Look below for the line with "Expansive backyard features", then repeat it and all lines after it, exactly, minus any pictures.

*** Opening of INPUT DATA ***

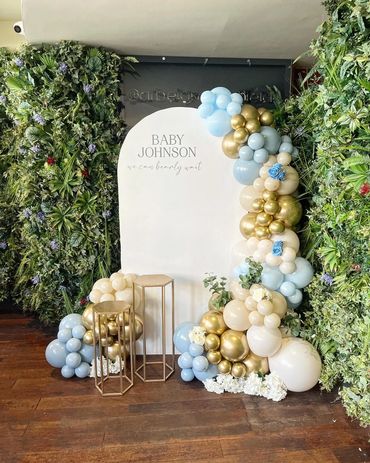 Elegant baby shower setup with balloons and greenery for Baby Johnson.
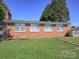 Expansive backyard features a lush lawn, mature trees, and a charming brick exterior with multiple windows at 303 Island Ford Rd, Maiden, NC 28650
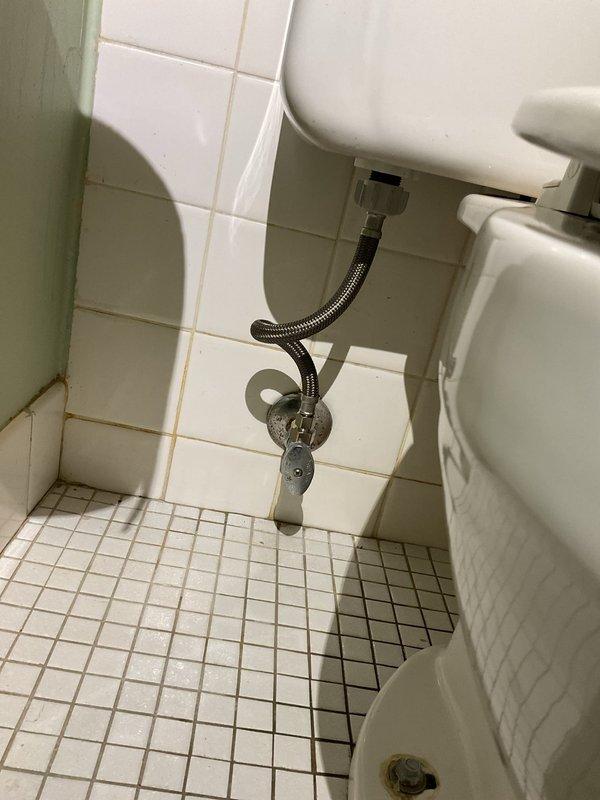 Responded to active water leak at toilet tank supply connection. Upon arrival, inspected the flexible stainless steel braided supply line and wall-mounted chrome shut-off valve. Identified leak at connection point between supply line and toilet tank fill valve. Shut off water supply at wall valve and posted notification signage to prevent toilet use during repair. Disconnected faulty supply line connection, inspected tank threads and inlet valve for damage or corrosion. Cleaned connection surfaces, replaced worn rubber washer, and reinstalled supply line with proper hand-tightening followed by wrench adjustment to manufacturer specifications. Restored water supply and tested connection under full pressure for leaks. Verified proper fill valve operation and tank refill cycle. Inspected surrounding floor tiles and wall area for water damage; noted pre-existing age-related discoloration but no new moisture damage from leak. Removed signage and returned toilet to service with no active lea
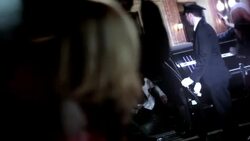 Chauffeur opens limousine door for hip-hop artist on red carpet at awards show Stock Footage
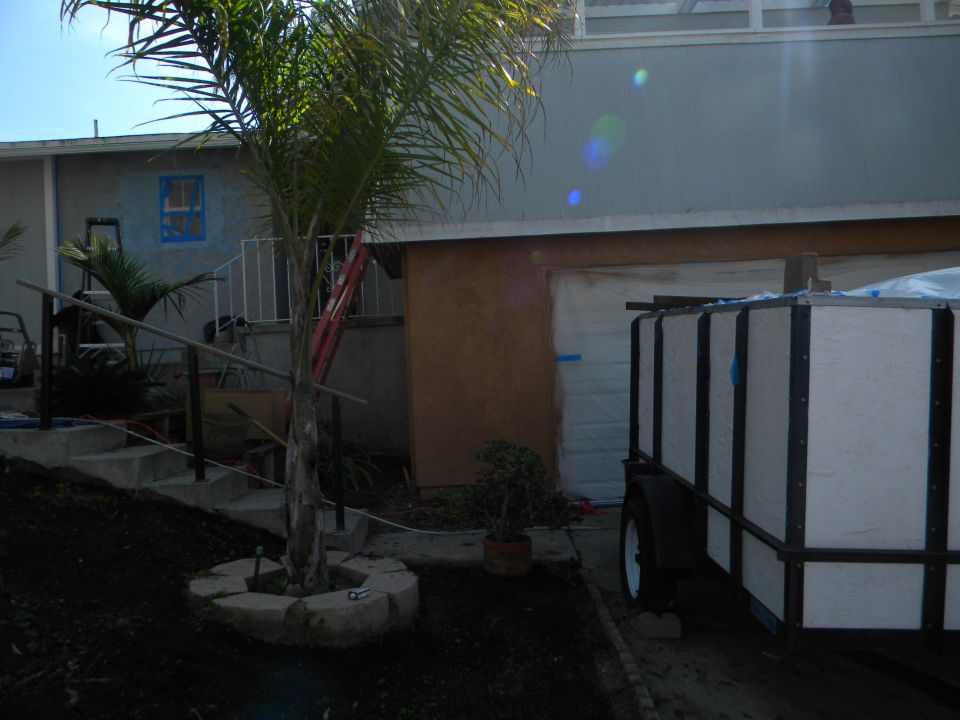 Trailer parked next to a garage with a palm tree in the foreground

*** Close of INPUT DATA ***

**EXERCISE OUTPUT:**
 Expansive backyard features a lush lawn, mature trees, and a charming brick exterior with multiple windows at 303 Island Ford Rd, Maiden, NC 28650
 Responded to active water leak at toilet tank supply connection. Upon arrival, inspected the flexible stainless steel braided supply line and wall-mounted chrome shut-off valve. Identified leak at connection point between supply line and toilet tank fill valve. Shut off water supply at wall valve and posted notification signage to prevent toilet use during repair. Disconnected faulty supply line connection, inspected tank threads and inlet valve for damage or corrosion. Cleaned connection surfaces, replaced worn rubber washer, and reinstalled supply line with proper hand-tightening followed by wrench adjustment to manufacturer specifications. Restored water supply and tested connection under full pressure for leaks. Verified proper fill valve operation and tank refill cycle. Inspected surrounding floor tiles and wall area for water damage; noted pre-existing age-related discoloration but no new moisture damage from leak. Removed signage and returned toilet to service with no active lea
 Chauffeur opens limousine door for hip-hop artist on red carpet at awards show Stock Footage
 Trailer parked next to a garage with a palm tree in the foreground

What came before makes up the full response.